O tombamento de zé de helena
Sem querer referir-me a nada, nem a ninguém, nunca entendi por que nas homenagens prestadas a José Hipólito Marinho tenha sempre que ser dada publicidade a coisas irrelevantes, deixando-se de lado o extraordinário ser humano que ele é, com grandes serviços prestados à cidade que lhe serviu de berço e de onde, segundo me disse certa vez, só "...espera sete palmos de gleba/e dois braços de um lenho." Muitos não avaliam seu desvelo para com os mais necessitados. Seu carinho para com as crianças. Seu respeito para com os mais velhos. Finalmente, sua devoção por Nossa Senhora do Carmo, que chama, respeitosamente, de Virgem do Carmo.
Ademais é poeta ("Amei tudo que foi belo./Fui egoísta, sou inconstante./Daí a sina de lar destruído!") Conheci dona Helena, sua mãe. Tinha olhos esverdeados, tonalidade repassada para os de José. Nunca esqueço do dia em que ela faleceu, sobretudo pela cena que ficou gravada em minha mente. À saída do caixão de sua casinha da rua Nogueira Tapety, Zé, não suportando a forte dor que lhe impunha a vida, desmaia, só não caindo ao chão graças a mãos apoiadoras de vizinhos e amigos.
Morava ainda com dona Helena um seu tio de nome Procópio, que conheci já bem velhinho. Na Semana Santa constituía-se em braço forte na catedral nos preparativos para a grande festa, que iam da colocação da túnica roxa de Bom Jesus dos Passos, bem assim da peruca de cachos, à montagem dos enormes estandartes romanos. Dona Helena foi, por muitos anos, a encarregada de fazer a coroa de “espinhos” do crucificado para a tocante cerimônia do Descimento da Cruz. Usava uma plantinha de hastes que dão a impressão de espinhos. Fui, muitas vezes, pegá-la, levando com muito cuidado a preciosidade, disputadíssima ao final da Procissão do Enterro. O saudoso Luís Martins, um dos carregadores do esquife, sempre pegava. Já a incumbência de José era conduzir o pesado tamborete para a Maria Beú entoar o canto da Verônica, coisa que já não faz por lhe faltar forças, agora pelo peso formidável dos oitenta anos, como disse o Cônego Cardoso em carta a Possidônio, ao chegar à provecta idade.

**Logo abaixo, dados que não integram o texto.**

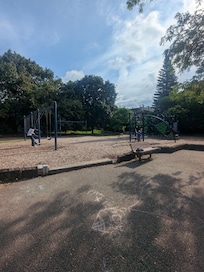 Safe, quiet, clean park close by
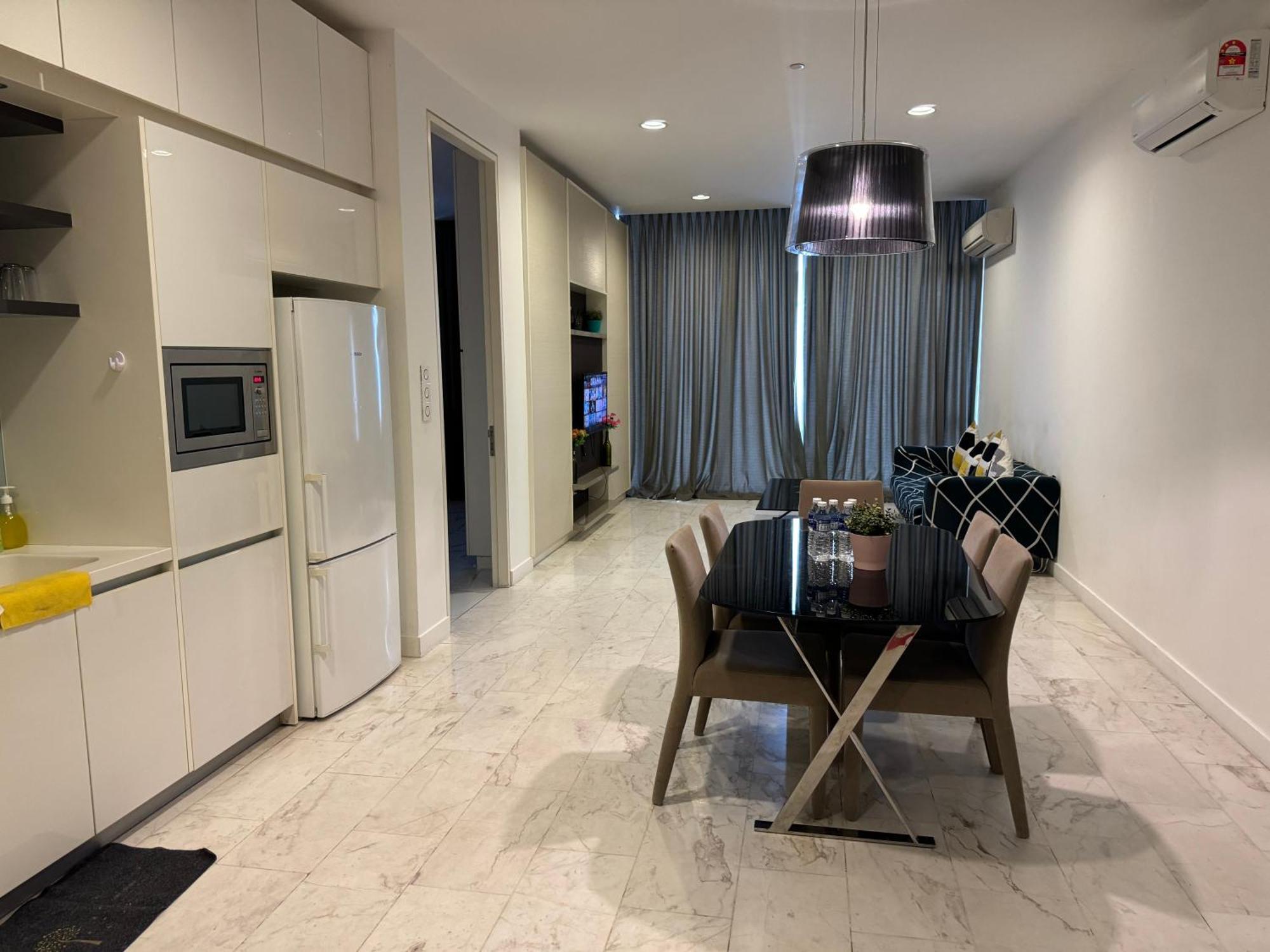 Platinum By Luxury Suites كوالالمبور المظهر الخارجي الصورة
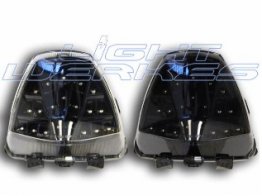 MPH-30121-X  Competition Werkes Tail Lights - Honda CBR250R  '11-'13
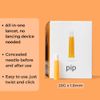 Pip Lancets, 28G x 1.8mm, 100 ct. Box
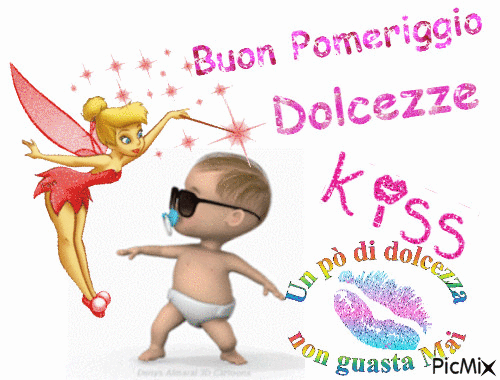 gif buon pomeriggio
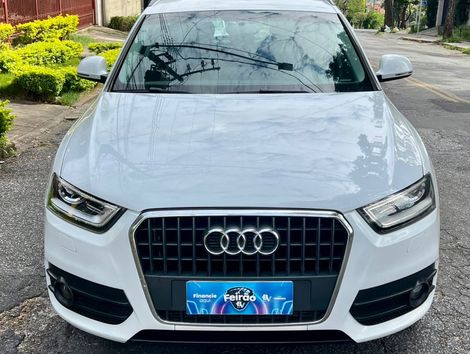 Audi Q3 2.0 TFSI Quat. 170/180cv S-tronic 5p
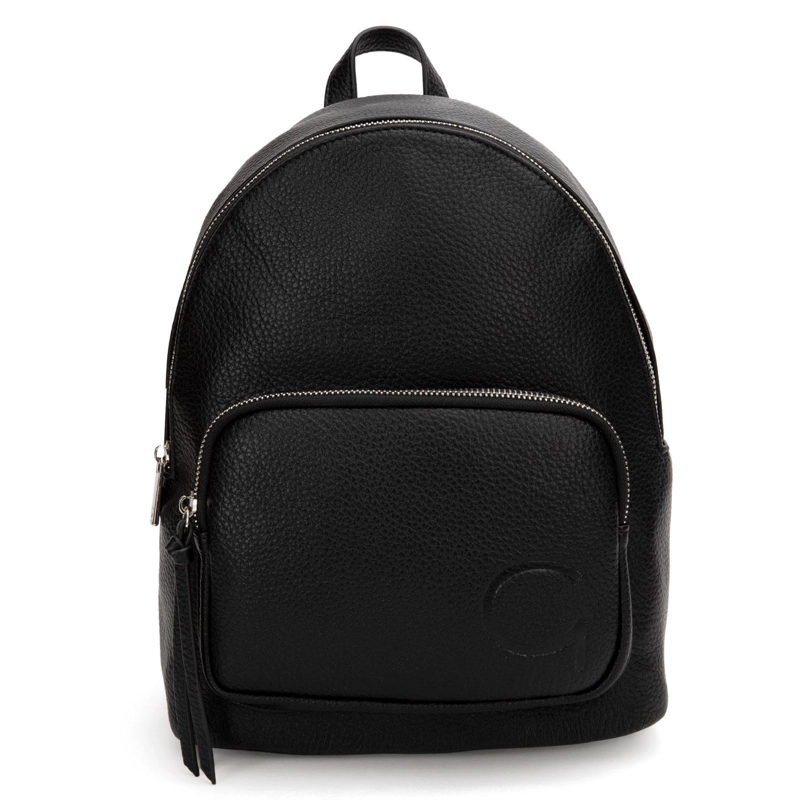 MOCHILA MUJER GACEL NEGRO PEQUEÑA - 1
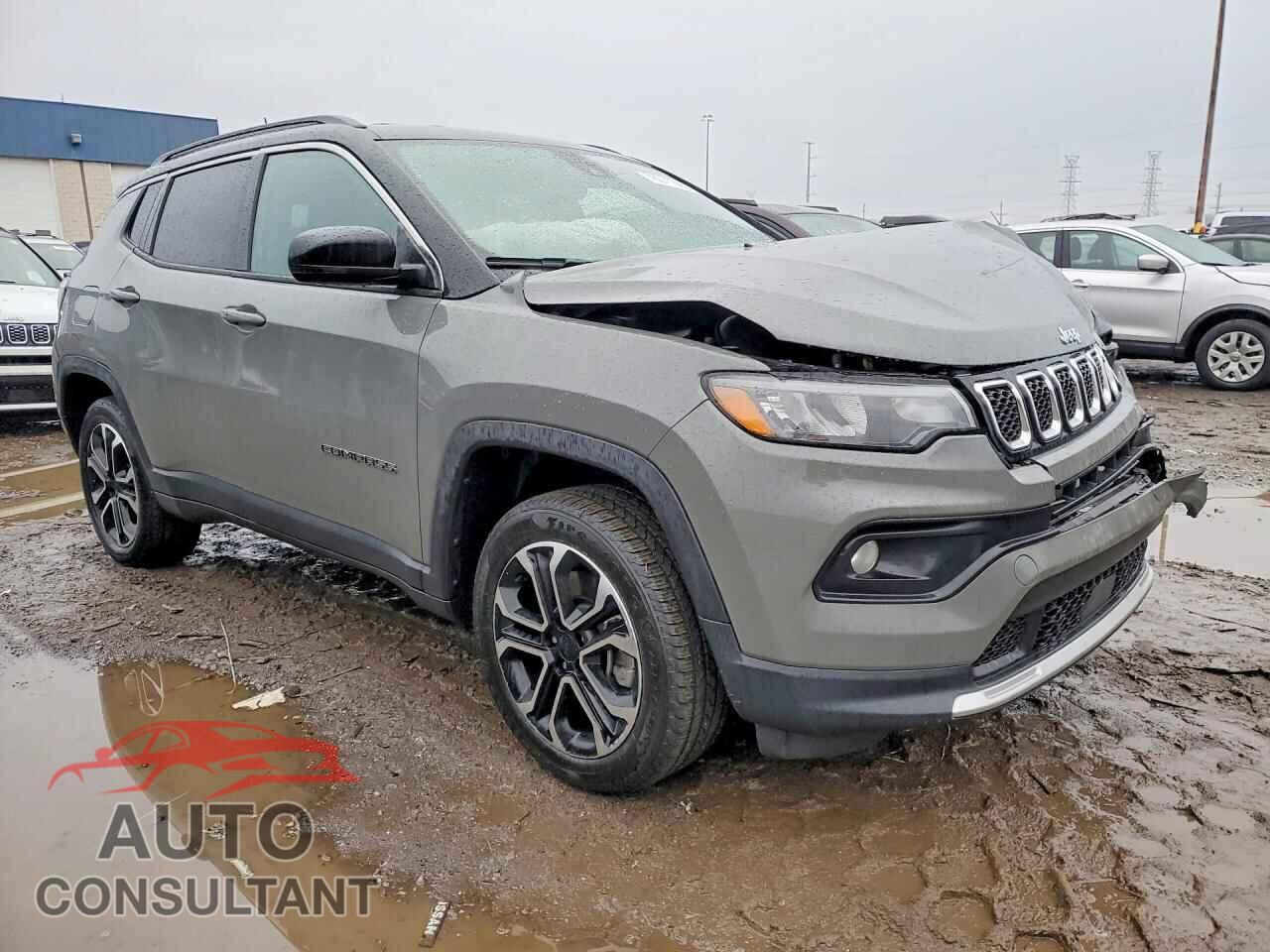 JEEP COMPASS 2023 - 3C4NJDCN2PT524135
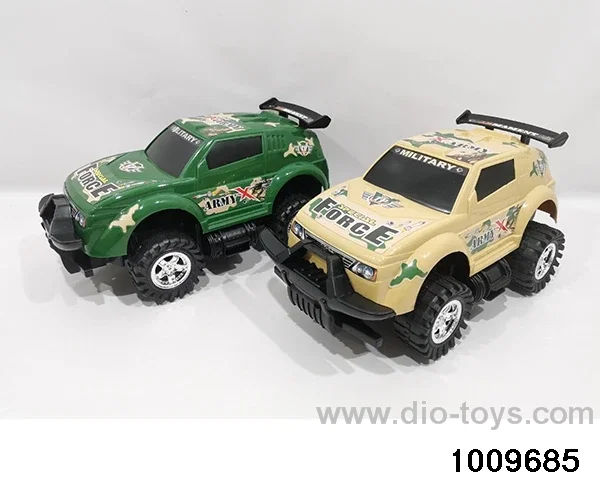 Mitsubishi 33CM Inertia Camo Military Vehicle in opp bag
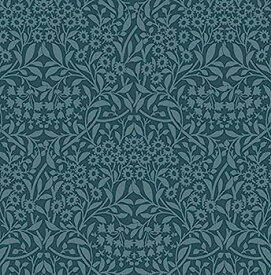 【中古】【輸入品・未使用】ティール ダーシー ピール&スティック 壁紙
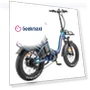 Foldable Electric Bike — Electric Self-Balancing Scooters, Fafrees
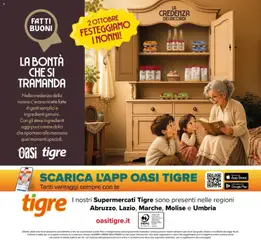 Anteprima del volantino Tigre volantino valido a partire dal 25/09/2026 | Pagina: 24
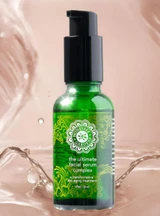 HoneyBee Gardens Facial Care Trio – additional product angle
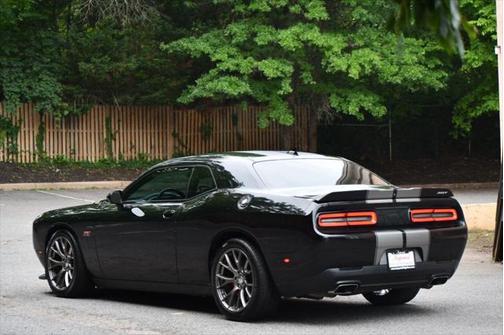 2015 Dodge Challenger SRT 392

Pois bem , voltando ao início. Gente, José Hipólito Marinho merece todos os louvores . Ele é um patrimônio vivo que, ao contrário do que muitos pensam, só orgulha Oeiras. Seria até de bom alvitre que alguma entidade cultural propusesse o reconhecimento dessa condição, patrimônio vivo, que já é disciplinada em legislação específica.